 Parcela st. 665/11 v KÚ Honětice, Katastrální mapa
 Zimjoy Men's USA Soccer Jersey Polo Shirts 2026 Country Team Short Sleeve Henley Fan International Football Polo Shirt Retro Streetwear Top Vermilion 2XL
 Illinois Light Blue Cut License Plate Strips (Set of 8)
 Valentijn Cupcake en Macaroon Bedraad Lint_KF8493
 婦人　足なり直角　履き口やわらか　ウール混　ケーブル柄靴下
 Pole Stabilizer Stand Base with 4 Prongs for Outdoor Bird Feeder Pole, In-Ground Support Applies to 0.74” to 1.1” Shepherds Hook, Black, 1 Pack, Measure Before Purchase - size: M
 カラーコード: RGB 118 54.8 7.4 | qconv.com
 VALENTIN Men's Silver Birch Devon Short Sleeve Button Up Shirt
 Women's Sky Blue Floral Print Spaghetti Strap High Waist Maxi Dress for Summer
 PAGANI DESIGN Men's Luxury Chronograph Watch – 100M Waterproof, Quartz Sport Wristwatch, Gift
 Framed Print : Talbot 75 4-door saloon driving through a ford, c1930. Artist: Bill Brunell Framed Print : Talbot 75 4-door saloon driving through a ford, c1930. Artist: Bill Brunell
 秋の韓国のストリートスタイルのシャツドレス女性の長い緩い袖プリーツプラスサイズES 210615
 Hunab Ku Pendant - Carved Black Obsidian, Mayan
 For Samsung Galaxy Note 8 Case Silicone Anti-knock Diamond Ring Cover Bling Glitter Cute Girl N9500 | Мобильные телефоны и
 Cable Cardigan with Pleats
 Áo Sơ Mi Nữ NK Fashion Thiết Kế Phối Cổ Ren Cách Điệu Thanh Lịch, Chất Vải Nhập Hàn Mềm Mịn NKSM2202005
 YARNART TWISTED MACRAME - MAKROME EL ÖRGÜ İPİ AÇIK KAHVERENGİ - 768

- **Instructions to follow**: Transcribe the entries above, every line exactly as it reads.

- **Answer for this exercise**:
 Parcela st. 665/11 v KÚ Honětice, Katastrální mapa
 Zimjoy Men's USA Soccer Jersey Polo Shirts 2026 Country Team Short Sleeve Henley Fan International Football Polo Shirt Retro Streetwear Top Vermilion 2XL
 Illinois Light Blue Cut License Plate Strips (Set of 8)
 Valentijn Cupcake en Macaroon Bedraad Lint_KF8493
 婦人　足なり直角　履き口やわらか　ウール混　ケーブル柄靴下
 Pole Stabilizer Stand Base with 4 Prongs for Outdoor Bird Feeder Pole, In-Ground Support Applies to 0.74” to 1.1” Shepherds Hook, Black, 1 Pack, Measure Before Purchase - size: M
 カラーコード: RGB 118 54.8 7.4 | qconv.com
 VALENTIN Men's Silver Birch Devon Short Sleeve Button Up Shirt
 Women's Sky Blue Floral Print Spaghetti Strap High Waist Maxi Dress for Summer
 PAGANI DESIGN Men's Luxury Chronograph Watch – 100M Waterproof, Quartz Sport Wristwatch, Gift
 Framed Print : Talbot 75 4-door saloon driving through a ford, c1930. Artist: Bill Brunell Framed Print : Talbot 75 4-door saloon driving through a ford, c1930. Artist: Bill Brunell
 秋の韓国のストリートスタイルのシャツドレス女性の長い緩い袖プリーツプラスサイズES 210615
 Hunab Ku Pendant - Carved Black Obsidian, Mayan
 For Samsung Galaxy Note 8 Case Silicone Anti-knock Diamond Ring Cover Bling Glitter Cute Girl N9500 | Мобильные телефоны и
 Cable Cardigan with Pleats
 Áo Sơ Mi Nữ NK Fashion Thiết Kế Phối Cổ Ren Cách Điệu Thanh Lịch, Chất Vải Nhập Hàn Mềm Mịn NKSM2202005
 YARNART TWISTED MACRAME - MAKROME EL ÖRGÜ İPİ AÇIK KAHVERENGİ - 768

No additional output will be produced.